Peut-être parce que jusque-là les opposants au Hezbollah avancent en rangs dispersés et ne constituent pas un front commun. Dans ce contexte, la figure chiite précitée estime que les groupes de l’opposition devraient unir leurs rangs afin d’exercer une pression sur le Hezbollah et les autres pôles du pouvoir, qui ne semblent guère se soucier, dit-elle, de voir le dollar s’envoler au-dessus de la barre des 30 000 livres libanaises. " Si le Conseil national réussit à pousser les groupes de l’opposition à investir la rue à nouveau, ce sera un succès majeur. Tirons un enseignement de ce qui s’est passé récemment au Kazakhstan, où la population est descendue dans la rue, terrorisant le président qui a demandé aux forces de sécurité d’abattre les manifestants. C’est dire le niveau de terreur qui s’est emparée de lui ", commente cette personnalité en relevant que le simple fait de manifester, même pacifiquement, effraie les gouvernants. " L’importance de ce Conseil est sa capacité à mobiliser les gens pour occuper les places chaque semaine ", insiste-t-elle.

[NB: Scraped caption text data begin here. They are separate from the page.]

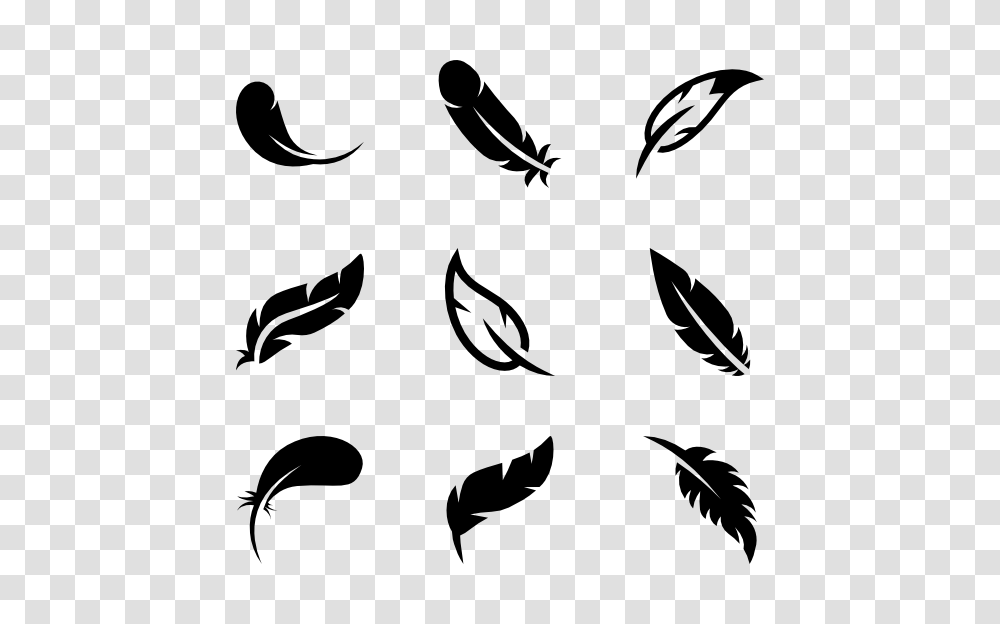 Bird Feather Image Background Arts, Gray, World Of Warcraft Transparent Png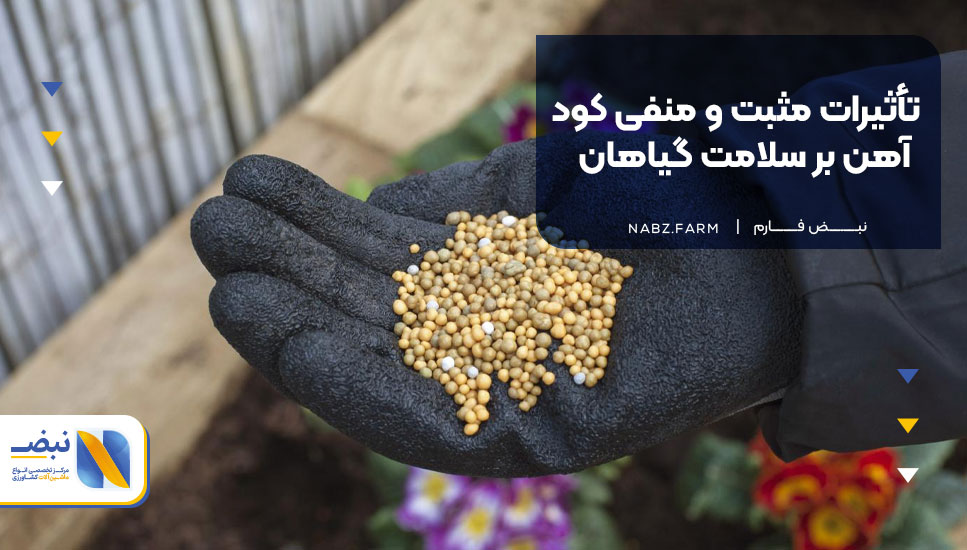 تأثیرات مثبت و منفی کود آهن بر سلامت گیاهان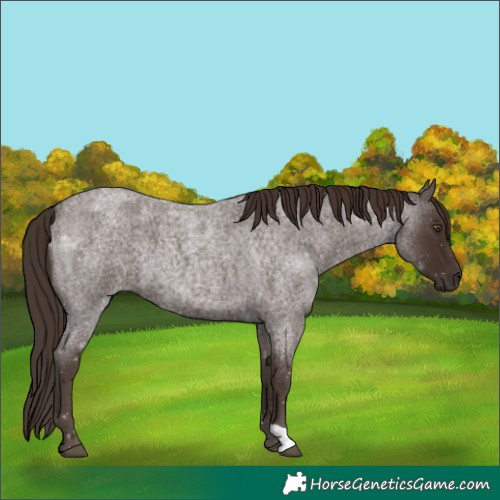 Horse Color:Liver Red Roan
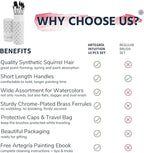 ARTEGRIA Watercolor Brush Set, 10 Professional Soft Synthetic Squirrel Paint Brushes, Including Pointed Rounds, Flats, Dagger, Oval Wash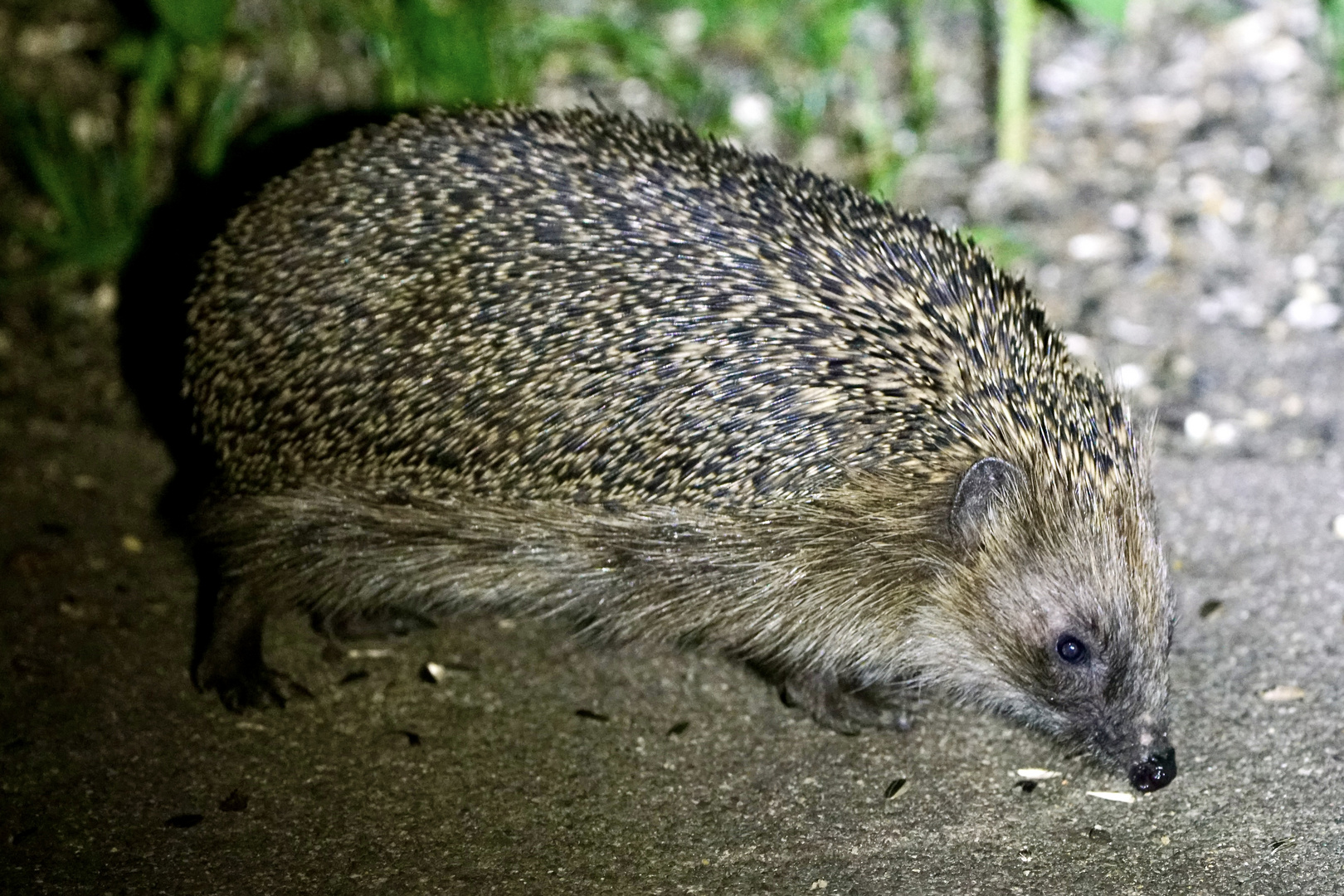 Braunbrustigel (Erinaceus europaeus)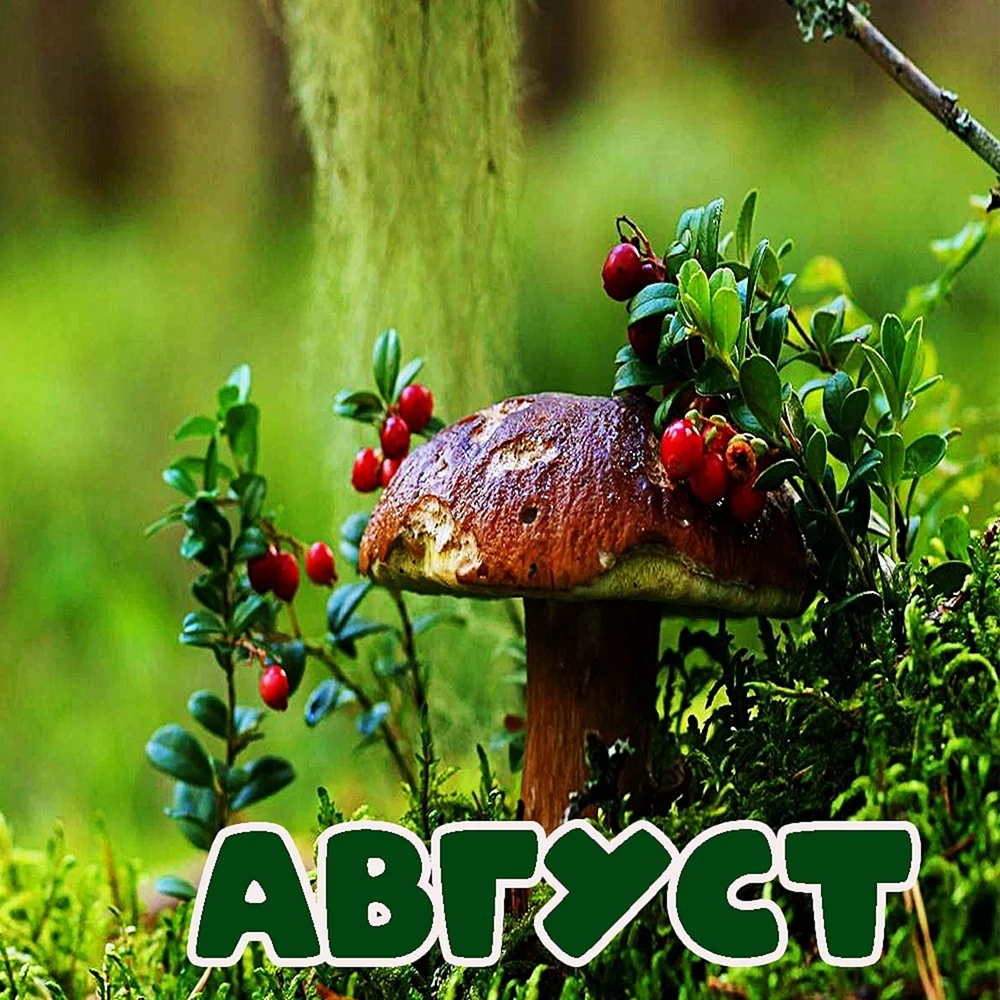 Лето август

En tout cas, le Conseil national pour la levée de l’occupation iranienne du Liban commence à susciter un intérêt, d’autant que la présidence de Fatfat serait un signe indicateur d’une volonté d’élargissement du front d’opposition à l’influence iranienne. D’aucuns estiment d’ailleurs qu’Ahmad Fatfat est en mesure de forcer à cet effet des portes extérieures fermées jusque-là, devant les Libanais, comme c’est le cas avec l’Arabie saoudite.